-- Available data follows --

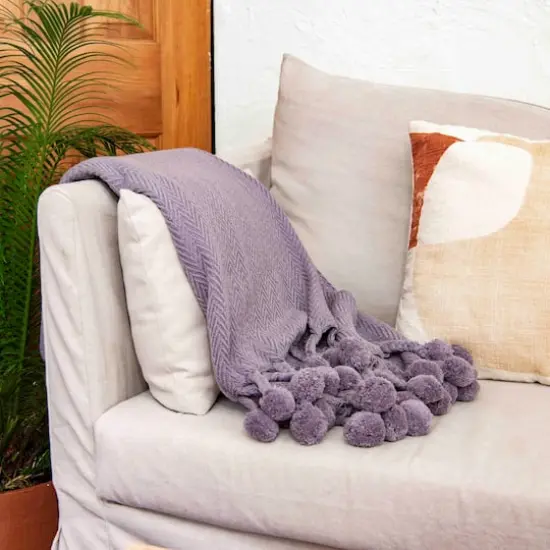 Hello Honey&reg; Woven Cotton Pom Pom Throw Gray {3}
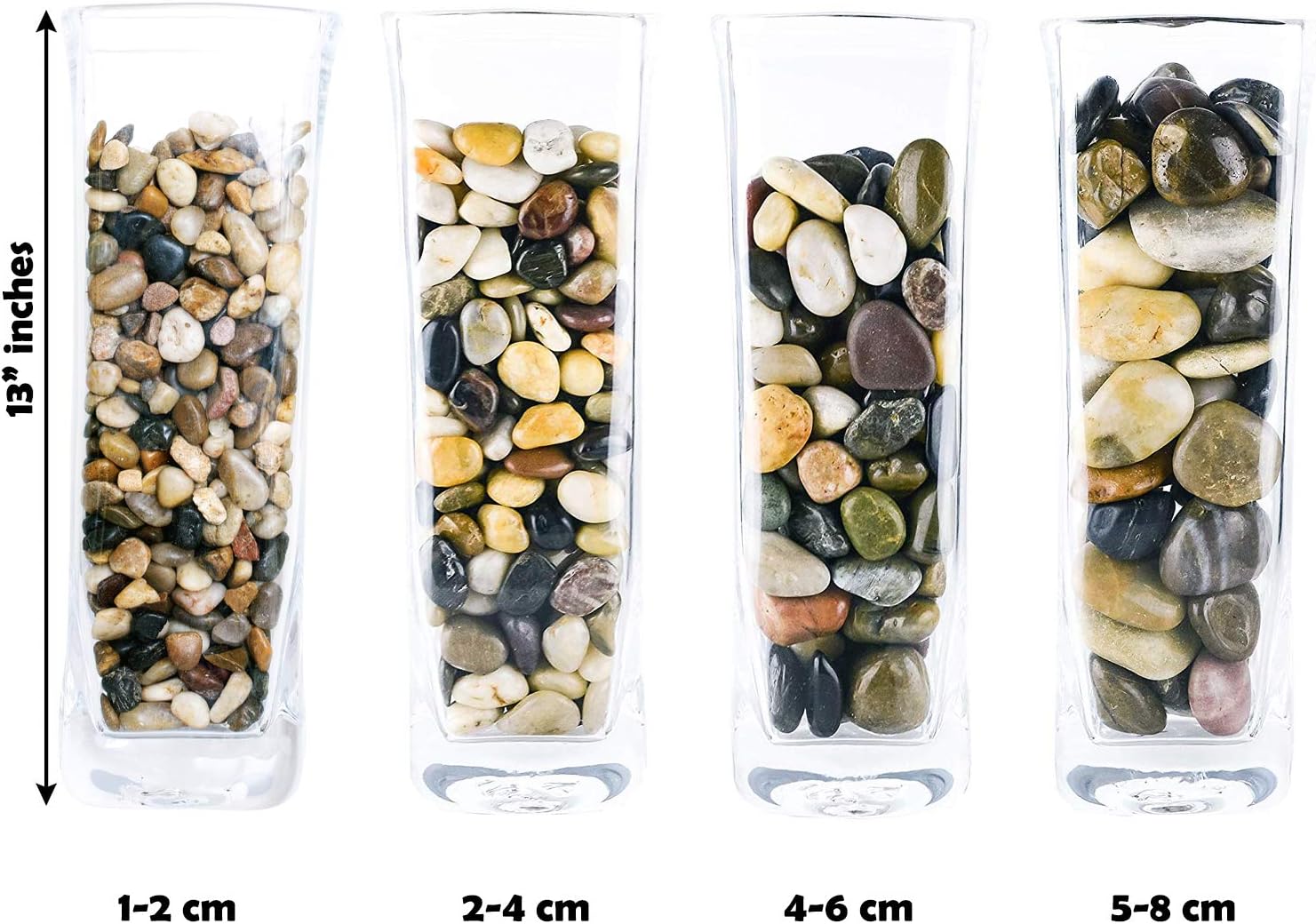 2 lbs Approx. 35 River Rocks Stones for Plants Pebbles for Indoor Plants | Aquarium Fish Tank Rocks | Polished Decorative Rocks for Vases (1.6-2.4 Inches)
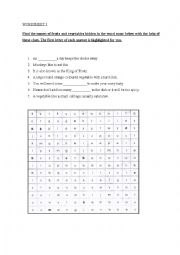 English Worksheet: Crosswords on Fruits and Vegetables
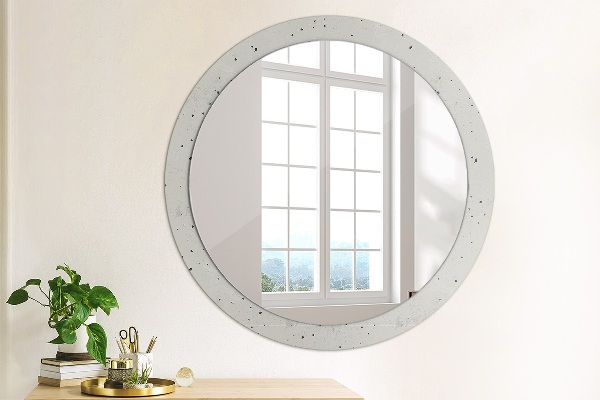 Miroir rond avec décoration Texture en béton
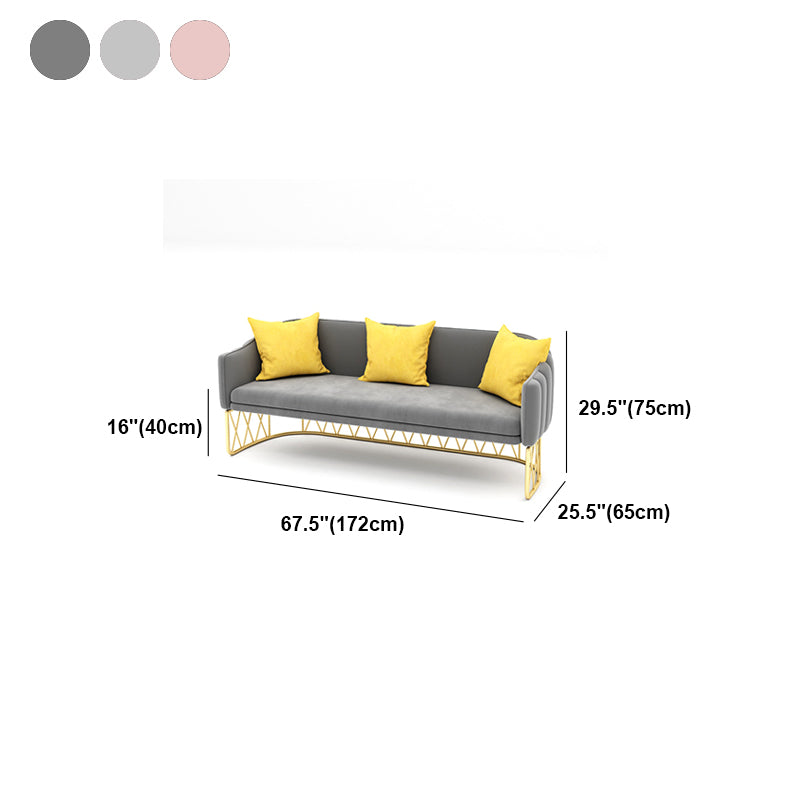 Tight Back Velvet Sofa with Pillows for Apartment 25.59" Wide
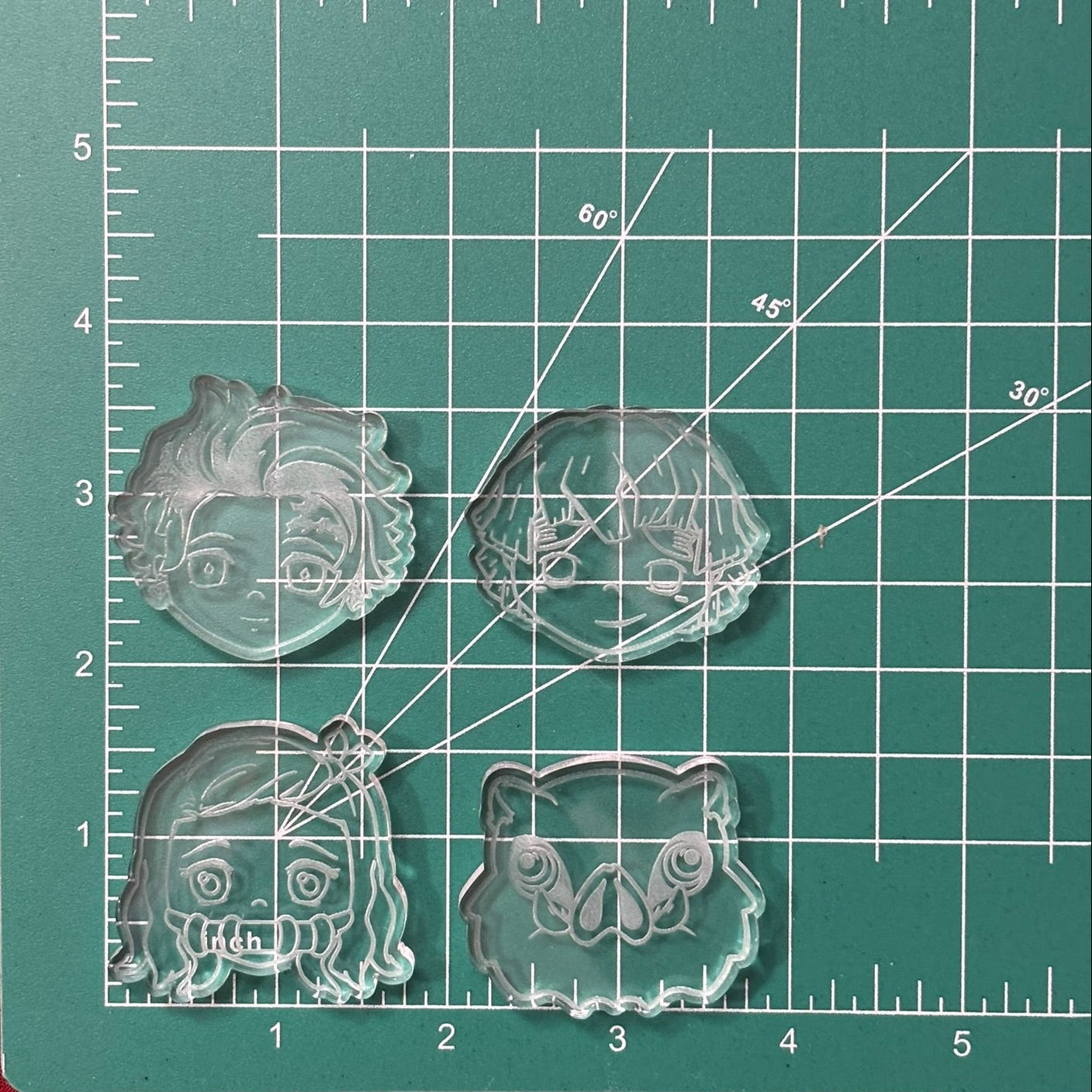 Anime demon hunters flat grip keychain molds palette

-- Available data concluded --

Your copy should match the records word for word, with the pictures removed.

Output of the task ->
 Hello Honey&reg; Woven Cotton Pom Pom Throw Gray {3}
 2 lbs Approx. 35 River Rocks Stones for Plants Pebbles for Indoor Plants | Aquarium Fish Tank Rocks | Polished Decorative Rocks for Vases (1.6-2.4 Inches)
 English Worksheet: Crosswords on Fruits and Vegetables
 Miroir rond avec décoration Texture en béton
 Tight Back Velvet Sofa with Pillows for Apartment 25.59" Wide
 Anime demon hunters flat grip keychain molds palette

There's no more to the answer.